Gericht: Sächsisches Oberverwaltungsgericht
Beschluss verkündet am 29.11.2005
Aktenzeichen: 3 B 782/04
Rechtsgebiete: VwVfG, VwGO, StPO


Vorschriften:

VwVfG § 80 Abs. 2
VwGO § 162 Abs. 2 Satz 2
StPO § 81 b
StPO § 140
Der im erkennungsdienstlichen Vorverfahren typische Zusammenhang mit einem Strafverfahren führt - unabhängig von der Schwere des Tatvorwurfs - grundsätzlich dazu, dass es dem Betroffenen nicht zuzumuten ist, von der Inanspruchnahme eines Bevollmächtigten abzusehen.
SÄCHSISCHES OBERVERWALTUNGSGERICHT Beschluss

3 B 782/04

In der Verwaltungsrechtssache

wegen Zuziehung eines Bevollmächtigten im Vorverfahren

hier: Antrag auf Zulassung der Berufung

hat der 3. Senat des Sächsischen Oberverwaltungsgerichts durch den Vorsitzenden Richter am Oberverwaltungsgericht Dr. Ullrich, die Richterin am Oberverwaltungsgericht Drehwald und die Richterin am Verwaltungsgericht Gellner

am 29. November 2005

beschlossen:

Tenor:

Der Antrag des Beklagten, die Berufung gegen das Urteil des Verwaltungsgerichts Dresden vom 23. Juni 2004 - 14 K 2815/01 - zuzulassen, wird abgelehnt.

Der Beklagte trägt die Kosten des Antragsverfahrens.

Der Streitwert wird für das Verfahren vor dem Oberverwaltungsgericht auf 670,97 € festgesetzt.

Gründe:

Der Antrag des Beklagten, die Berufung wegen ernstlicher Zweifel an der Richtigkeit des angefochtenen Urteils gemäß § 124 Abs. 2 Nr. 1 VwGO zuzulassen, hat keinen Erfolg. Das Verwaltungsgericht hat den Beklagten im Ergebnis zu Recht verpflichtet, die Zuziehung eines Bevollmächtigten des Klägers für das Vorverfahren für notwendig zu erklären.
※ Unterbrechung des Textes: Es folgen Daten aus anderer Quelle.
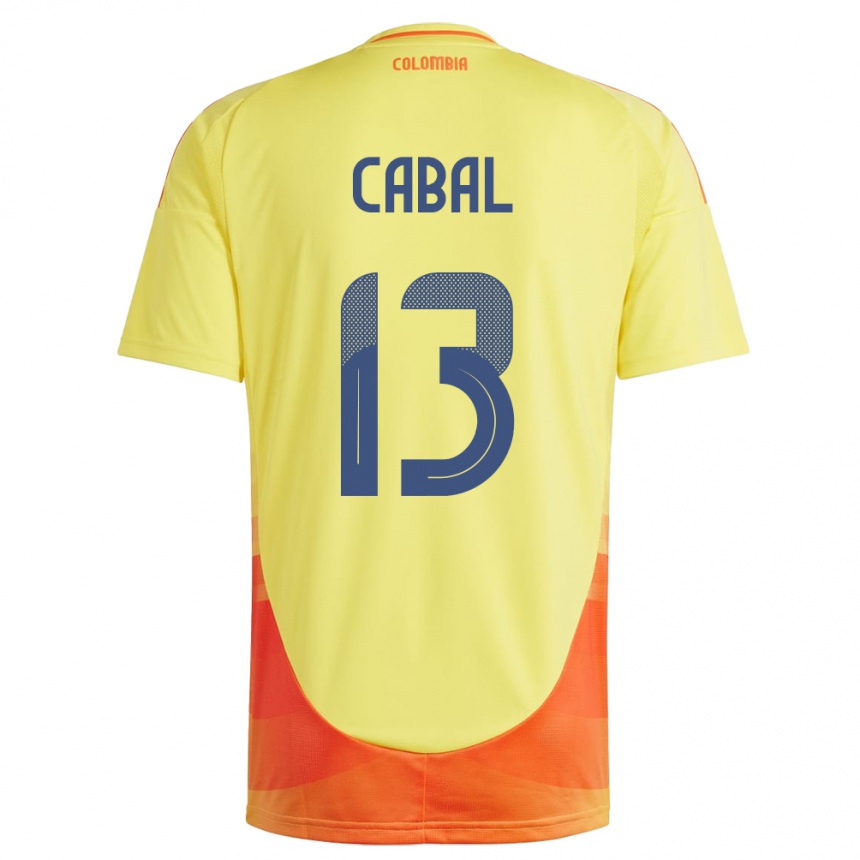 Niño Fútbol Camiseta Colombia Juan Cabal #13 Amarillo 1ª Equipación 24-26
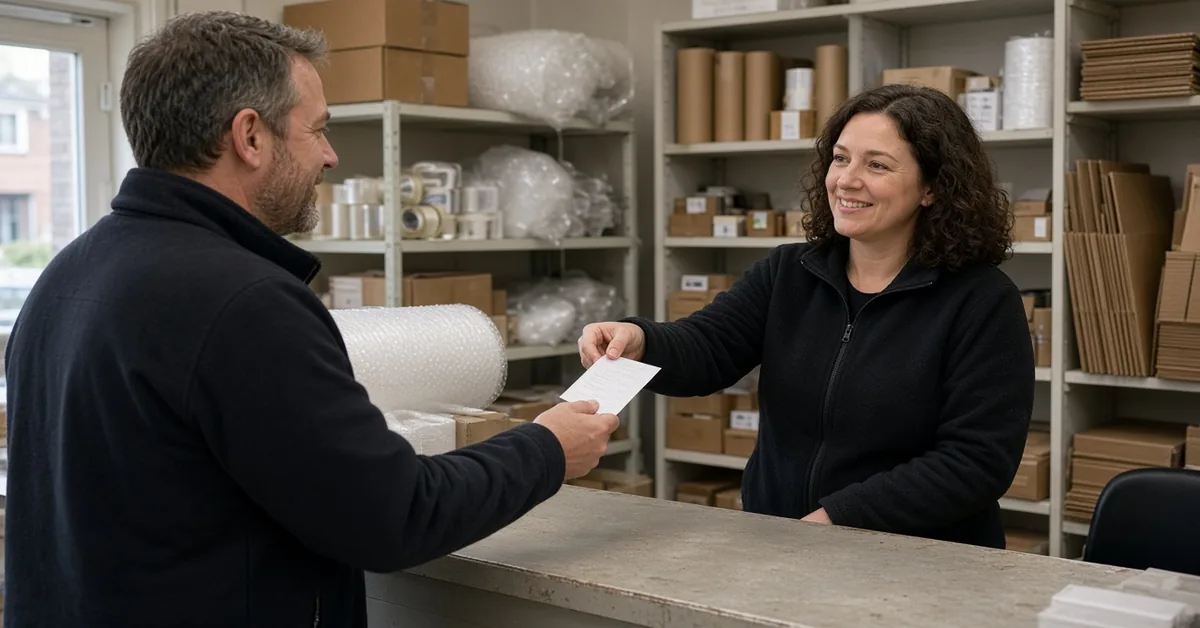 Customer booking extra-bag courier shipping at the FineEx Surrey counter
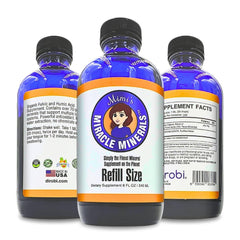 Mimi's Miracle Minerals bottle close-up for easy daily mineral intake.
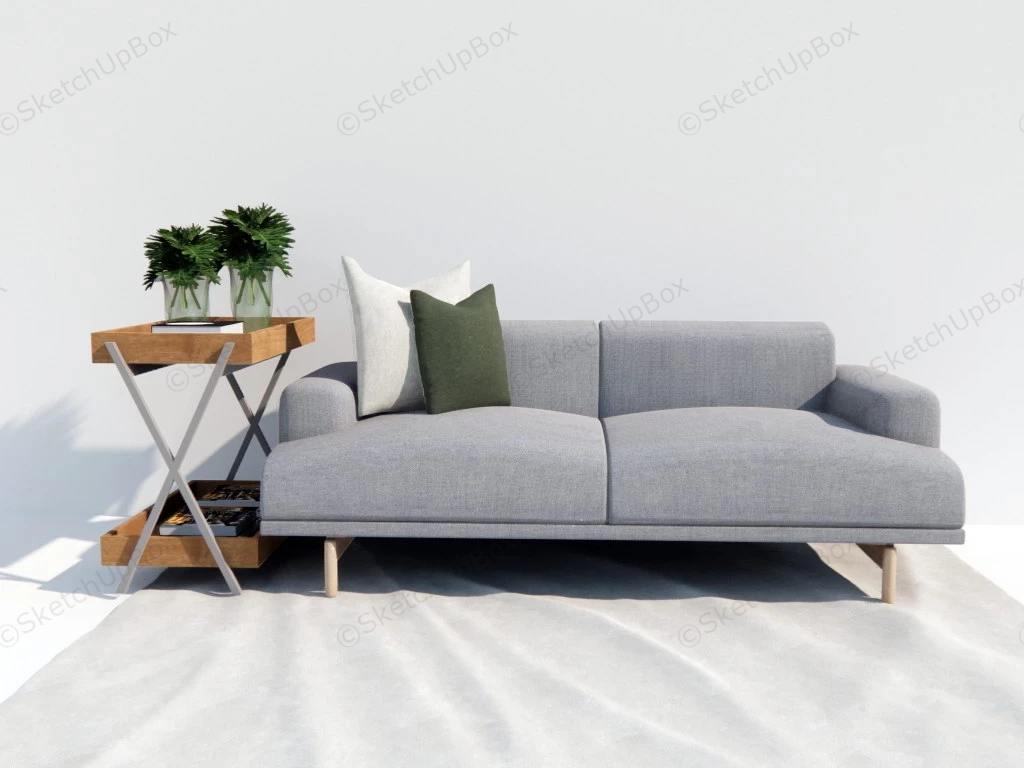 Loveseat With Side Table sketchup model preview - SketchupBox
Der Beklagte hatte den Kläger mit Verfügung vom 26.2.2001 aus Anlass eines gegen diesen geführten Ermittlungsverfahrens wegen Nötigung im Straßenverkehr (§ 240 StGB) unter Anordnung der sofortigen Vollziehung und Androhung unmittelbaren Zwangs zur erkennungsdienstlichen Behandlung nach § 81 b Alt. 2 StPO geladen. Nachdem das Verwaltungsgericht dem einstweiligen Rechtsschutzantrag des Klägers gemäß § 80 Abs. 5 VwGO stattgegeben hatte, hob der Beklagte die Verfügung mit Abhilfebescheid vom 26.3.2001 auf. Den Antrag des Klägers, die Zuziehung seines Bevollmächtigten für notwendig zu erklären, lehnte der Beklagte mit Bescheid vom 17.7.2001, in Gestalt des Widerspruchsbescheides vom 29.10.2001, ab.

Nach § 1 SächsVwVfG i.V.m. § 80 Abs. 2 VwVfG sind Gebühren und Auslagen eines Rechtsanwalts im Vorverfahren erstattungsfähig, wenn die Zuziehung eines Bevollmächtigten notwendig war. Das Verwaltungsgericht ist in Übereinstimmung mit der ständigen Rechtsprechung des Bundesverwaltungsgerichts davon ausgegangen, dass - ungeachtet der grundsätzlichen Entscheidung des Gesetzgebers in § 80 Abs. 2 VwVfG und § 162 Abs. 2 Satz 2 VwGO, im Vorverfahren eine Vertretung des Widerspruchsführers durch Rechtsanwälte oder sonstige Bevollmächtigte in der Regel weder für üblich noch erforderlich zu halten - die Notwendigkeit der Hinzuziehung eines Bevollmächtigten im Vorverfahren von der Prüfung im Einzelfall abhängt. Danach ist die Notwendigkeit der Hinzuziehung eines Bevollmächtigten im Vorverfahren unter Würdigung der jeweiligen Verhältnisse vom Standpunkt einer verständigen Partei aus zu beurteilen. Maßgebend ist, ob sich ein vernünftiger Bürger mit gleichem Bildungs- und Erfahrungsstand bei der gegebenen Sachlage eines Rechtsanwalts oder sonstigen Bevollmächtigten bedient hätte. Notwendig ist die Zuziehung eines Rechtsanwalts nach § 80 Abs. 2 VwVfG dann, wenn es der Partei nach ihren persönlichen Verhältnissen und wegen der Schwierigkeit der Sache nicht zuzumuten ist, das Vorverfahren selbst zu führen (std. Rspr.; vgl. BVerwG, Beschl. v. 15.9.2005 - 6 B 39/05 - abgedruckt in JURIS; BVerwG, Beschl. v. 21.9.2003, NVwZ-RR 2004, 5; vgl. auch SächsOVG, Beschl. v. 24.2.2004, SächsVBl.2004, 162 m.w.N. zu § 162 Abs. 2 Satz 2 VwGO).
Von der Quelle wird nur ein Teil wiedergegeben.